There are creatures, yes, but that's a given. I won't tell you what they are, or why they're there, but they make their presence known with rolling fog and noises that sound uncannily like a pack of Velociraptors cornering prey. Of course they're meat eaters, where's the fun in having vegetarian monsters?
'The New Daugher' has a few things going for it. Solid acting performances from Costner and Baquero and a few genuine jump-worthy moments, but overall, it just falls flat, leaving us with nothing but the feeling that we just watched a 100 minute 'X-Files' episode.
You name it, 'The New Daughter's got it.
Stunningly detailed outdoor scenes, check. Murky, indistinguishable night scenes, check. Soft shots rendering fine detail unseen, check.
What I'm trying to say is that the VC-1-encoded 1080p transfer of 'The New Daughter' is all over the place when it comes to video quality. Some of the outdoor scenes, especially while Louisa is lying on the leaf-covered mound, are extremely detailed, with perfect color timing. Other times, mostly in the dimly lit house, contrast is runs the scale of manageable to horrendous. Delineation leaves much to be desired, as many actors' faces and bodies disappear into the surrounding darkness. It's just never consistent. It's what you would expect from a lower budget film, that's for sure. The inconsistent video quality, lends itself more toward a film that was meant to be shown on the SyFy channel late at night. While there are a few scenes in here that may give you reason to watch, most of the film is filled with soft shots, strange color timing, and unnoticeable detail. As for technical anomalies, banding does occur on occasion, and some source noise exists, but I didn't notice any blocking or aliasing.
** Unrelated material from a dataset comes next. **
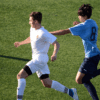 ISA Representative Gains Selection in the Australian Schools Football Team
The 5.1 PCM soundtrack provides a little more for your money. It's a worthy soundtrack for a film of this nature.
Eerie sounds, grunts, and growls fill every speaker, as you feel the creatures moving around the room. Off-screen sound effects like a creaking door or a cracking branch are handled with perfect directionality. A lot of the creepy sound effects, like the thunder claps just at the right time, are so terribly forced it's laughable, but they sound great. LFE also gets a healthy workout here, as most of the music provided is accompanied by deep threatening bass. Dialogue is a little soft, I found myself having to adjust my center speaker a tad to hear what was being said, especially the whispering. The problem here is that too much adjustment can lead to overwhelming sound effects, like the dialogue and the effects weren't quite mixed right. The sound effects boom, while the voices tend more to the softer side. It's a bit tricky to juggle. Overall, I was pretty impressed by 'The New Daugther's audio offerings. Nothing demo-worthy, but a serviceable track nonetheless that does more than an adequate job keeping the intense scenes intense.
'The New Daughter' got lost somewhere in the marketing machine. It's a somewhat decent thriller/horror film, but in the end it gets mired down in too many horror film clichés. The video is decent most of the time, and nigh unwatchable some of the time. The audio is the real treat here, it works well at creating a creep-infested atmosphere. There's nothing truly "special" in the bonus features, just the same old same old. 'The New Daughter' deserves to be seen, but only if you have nothing else to watch while you're home alone on a Saturday morning.